Nostalgia per Rabin

Opinioni

di Luciano Assin

200px-Flickr_-_Israel_Defense_Forces_-_Life_of_Lt._Gen._Yitzhak_Rabin,_7th_IDF_Chief_of_Staff_in_photos_(11)Il 4 novembre 1995 Yitzhak Rabin veniva ucciso da un fanatico israeliano di destra, Ilan Amir. “Un evento – scrive Luciano Assin sul suo blog L’Altra Israele –  che ha radicalmente mutato la società israeliana, nel bene e nel male. Si può dire che quella notte finì il periodo dell’innocenza, o forse è meglio definirla ingenuità, della società israeliana.

Del significato politico dell’omicidio ne ho già scritto in un mio post precedente, questa volta cercherò di parlare dell’uomo, il Rabin vero, genuino, molte volte brusco e scorbutico perfetto stereotipo dello” zabar” israeliano:  spinoso fuori e dolce dentro.  L’unicità dell’assassinio di Rabin ne hanno fatto per molti versi un martire, il trascorrere degli anni e la mancanza di un orizzonte politico che possa indurre ad un pò di ottimismo non fanno che aumentarne la nostalgia e la sensazione che senza l’omicidio le cose sarebbero andate in una maniera totalmente diversa.

Al di là del giudizio finale sul suo operato sia come soldato sia come uomo politico, il suo vero spessore, la sua autentica differenza è insita nel modo col quale ha gestito i suoi momenti di crisi, rivelandosi così simile a noi da potercisi identificare senza alcun problema.

Il breve periodo di panico antecedente l’inizio della guerra dei sei giorni nella quale ricopriva l’incarico di capo di stato maggiore. La sua per niente velata antipatia verso Peres quando si contendevano la guida del partito Laborista. La rabbia e lo stupore quando dovette affrontare lo scoppio della prima intifada come Ministro della difesa tali a tal punto da fargli pronunciare l’ordine di spezzare braccia e gambe ai rivoltosi, “non ci sono rivoluzioni di lusso” amava affermare.  Il suo disprezzo verso Arafat nella famosa stretta di mano sui prati della Casa Bianca subito dopo la firma degli accordi di Oslo.

Sono tutti tasselli di un puzzle facile da ricostruire visto che l’uomo esprimeva liberamente le sue opinioni ed i suoi sentimenti, senza il timore di doversi scontrare con il suo elettorato e dover pagare un pesante prezzo politico. Era al servizio del paese, gli altri interessi passavano in secondo piano.
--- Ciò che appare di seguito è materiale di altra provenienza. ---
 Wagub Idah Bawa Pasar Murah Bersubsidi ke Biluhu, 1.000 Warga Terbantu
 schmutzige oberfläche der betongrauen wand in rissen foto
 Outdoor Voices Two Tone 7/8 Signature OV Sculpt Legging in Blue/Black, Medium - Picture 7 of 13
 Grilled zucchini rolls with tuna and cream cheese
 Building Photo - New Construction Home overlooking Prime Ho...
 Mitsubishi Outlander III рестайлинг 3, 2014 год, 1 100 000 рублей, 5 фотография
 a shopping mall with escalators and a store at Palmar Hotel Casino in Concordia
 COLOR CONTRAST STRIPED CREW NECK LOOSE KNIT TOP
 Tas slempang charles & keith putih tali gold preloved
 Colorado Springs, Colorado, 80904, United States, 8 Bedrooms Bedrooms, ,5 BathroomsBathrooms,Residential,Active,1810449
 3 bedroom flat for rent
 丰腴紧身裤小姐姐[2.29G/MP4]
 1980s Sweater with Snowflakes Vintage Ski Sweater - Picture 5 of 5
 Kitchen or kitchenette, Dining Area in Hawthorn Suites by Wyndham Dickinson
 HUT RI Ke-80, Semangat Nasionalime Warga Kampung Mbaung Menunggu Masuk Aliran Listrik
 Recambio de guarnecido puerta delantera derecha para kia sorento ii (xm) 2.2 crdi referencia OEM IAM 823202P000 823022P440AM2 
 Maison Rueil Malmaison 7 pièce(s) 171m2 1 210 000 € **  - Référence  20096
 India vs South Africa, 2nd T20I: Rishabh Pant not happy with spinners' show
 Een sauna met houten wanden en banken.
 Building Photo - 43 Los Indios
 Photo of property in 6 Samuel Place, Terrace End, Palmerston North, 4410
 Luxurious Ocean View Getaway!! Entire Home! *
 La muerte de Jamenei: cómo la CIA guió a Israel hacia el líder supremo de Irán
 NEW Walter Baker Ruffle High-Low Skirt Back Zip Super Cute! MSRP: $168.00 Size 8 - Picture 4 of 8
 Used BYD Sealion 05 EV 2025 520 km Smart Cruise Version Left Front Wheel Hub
Una delle cose che più mi sono rimaste impresse nella memoria al suo riguardo è legata alla cerimonia degli accordi di Oslo nel 1993, al momento della firma Yitzhak Rabin, primo ministro israeliano, estrae dal proprio taschino una comunissima penna “pilot”, una penna del prezzo di pochi euro, alla portata di tutti noi comuni mortali, quasi a voler dire che anche nei momenti più significativi la semplicità era parte indiscindibile del suo carattere”.

Anche se la sua morte verrà ricordata domani sera a Tel Aviv, la ricorrenza sta passando in secondo piano, la notizia non è più di un piccolo trafiletto sui giornali principali. Israele è sempre e costantemente occupata, perennemente affamata di avvenimenti più o meno decisivi ma comunque inderogabili.

Ho una grande nostalgia per Rabin, l’uomo che nelle sue debolezze, la sua rabbia ed i suoi momenti di crisi si è rivelato uno degli ultimi grandi leader che Israele abbia avuto. Non il migliore, ma uno dei più genuini e per questo così umano”.